Tuesday, 3 March 2015

Memo to media: Too much of Mohan Bhagwat, no more coverage please


Has anyone noticed how much media coverage RSS chief Mohan Bhagwat has been hogging since Narendra Modi came to power? The BJP has been in government before but, if my memory serves right, the RSS never got this level of news exposure in the past.


Even without counting that notorious one-hour live DD telecast of Bhagwat's Vijaya Dashmi address to his cadres last October, it has been unprecedented.


Just look at the everyday media coverage of his speeches -- most of it front page and topped by earnest commentaries plus noisy TV debates.


RSS chief Mohan Bhagwat. PTI

RSS chief Mohan Bhagwat. PTI



Any gem that comes out of his mouth (and Bhagwat seems to suffer from the same level of verbal diarrhoea that the BJP used to complain Indira Gandhi suffered from) is faithfully reported.


So, by now we know almost by heart his mostly irrational and frequently illiterate views on Indian (sorry, Hindu Rashtra) society. And his crackpot theories of nationhood and cultural identity, not to mention a grasp of Indian social realities so slender that he thinks rapes don't happen in what he calls "Bharat" (rural India) but only in "India" (urban India) blighted by western values.
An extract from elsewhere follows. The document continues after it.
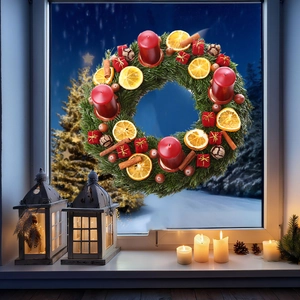 Detailed Christmas wreath with red candles, orange slices and pine needles hanging on a window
Even in cloud cuckoo land you will struggle to hear such rubbish.


The funny thing is that the media believes that by reporting his tasteless and ignorant remarks it is exposing and challenging his views. But the fact is that it is Bhagwat who is having the last laugh. He spouts any old nonsense, and there he is on the front page with Edit and Op-Edit writers deconstructing his "thoughts".


What the media doesn't get is that it is falling into a trap.
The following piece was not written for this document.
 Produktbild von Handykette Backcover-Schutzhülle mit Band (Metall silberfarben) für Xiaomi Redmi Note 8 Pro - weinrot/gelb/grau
It is a time-tested tactic of secret/extremist organisations to provoke and create controversy with the aim of generating headlines that would keep them in the news.


And Bhagwat's actions are no different. His provocative interventions are carefully calculated to get airing for his views which, when repeated again and again in the media even for the purpose of attacking them, become part of the mainstream discourse.


Consider this: six months ago when he claimed that all Indians were Hindus it sounded like a shocking statement. But since then it has been talked about so much that these days it barely causes an eyebrow to move.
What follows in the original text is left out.